Once a Glacier
A Virtual Reality film that tells the story of a relationship between a girl and a piece of glacier,
where as the girl grows up, the existence of the glacier is threatened.
Interactive Virtual Reality Film (15 min)
Once a Glacier tells the story of a relationship between a girl and a glacier. As the girl grows older, the existence of the ice is threatened, and the viewer is taken on a journey through her seemingly futile efforts to protect what was once an entire glacier. The story is inspired by Jiabao Li’s own experience from two years she lived in Alaska, where she was the young girl protecting a piece of ice in the freezer. In Inupiaq tradition, a tribe of indigenous people from northwestern Alaska, glaciers carry memories from the past and communicate them in song. The climate crisis has become a terrifying reality that includes seeing the end of glaciers—the end of these sung histories—happen before our eyes. Once a Glacier shows a gesture of nurturing, and whether the girl’s efforts are successful, the work suggests a poignant level of grace and humility for moving forward into the future.

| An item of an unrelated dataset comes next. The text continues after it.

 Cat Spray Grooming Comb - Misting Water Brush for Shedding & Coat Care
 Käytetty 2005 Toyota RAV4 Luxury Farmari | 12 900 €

The team recorded the sound on the glaciers in Alaska and modeled the glaciers from the satellite data of Matanuska glaciers, to document the disappearing nature. The VR film relates the life of a human to natural phenomena. We think of nature's time scale as millions of years and humans’ are under a hundred, yet with the current speed of climate change, many glaciers are vanishing within our lifetime. Glacial time, once was slow, is now fast. By telling the story of the life journey of a piece of glacial ice and its glacier of origin along with the life of a girl, the film makes this human-nature timescale tangible.
The film has received critical acclaim at SXSW, IDFA, and Raindance, was nominated for Best Immersive Experience, Best Immersive Experience for Social Impact, and won the Best VR Short award at Cannes World Film Festival.
Exhibition view at Today Future Biennale: To Your Eternity
Live performance at IDFA, Amsterdam. Augmented with motion capture, the dancer embodies the glacier, tracing the memory of glacier from ice age to Anthropocene through her ice core. The audience confront the birth and death of glacier through the girl’s point of view.
Once a Glacier at Times Art Museum in Chongqing, China.
People can kayak to control the progression of the story.
The glaciers are modeled from the satellite data of Matanuska glaciers, to document the disappearing nature.
I could hear a distant song
calling me to cross bright threads
of silt-thick water
as they ribboned valleys new.
The music came from blue-
white sleep and green-
blue rough.
Through and through,
I brought myself
as near I could
to brightness, brilliance,
and near-silence
changed by what
was and what is,
between ice and water,
water and the dazzled air.
She raises into view,
luster and frozen elixir.
A tattering gown,
a crown of blue
like drowned sky,
hue of lupine
crushed underfoot
into teal gem—
nothing could be only cold
in her beautiful light.
Transformation
pouring at the brink,
her white gleam
of infinite winter
into water—
not a thaw or melt,
but the threat
of disappearance.
It all began with snow
remembering winter,
opening into the dazzle
of endless still blue after
countless storms.
At her feet
I understood
the ravishing mystery
as brilliant as hard stars
flickering into a river
shifting into veins
of cold,
enduring
love.
I am not alone.
I am the keeper of frozen memory
brimming always, of time
that should never end, of blue
ice pure to its blue core.
I am not alone.
A fragment of her beauty
still true to her vast, distant
splendor. I must work against
thaw, against the shifting
of everything to nothing.
I am not alone.
A purpose can be slow,
incremental. She is but a part
of winter, one I wish to protect
from dissolving into careless spring.
I am not alone.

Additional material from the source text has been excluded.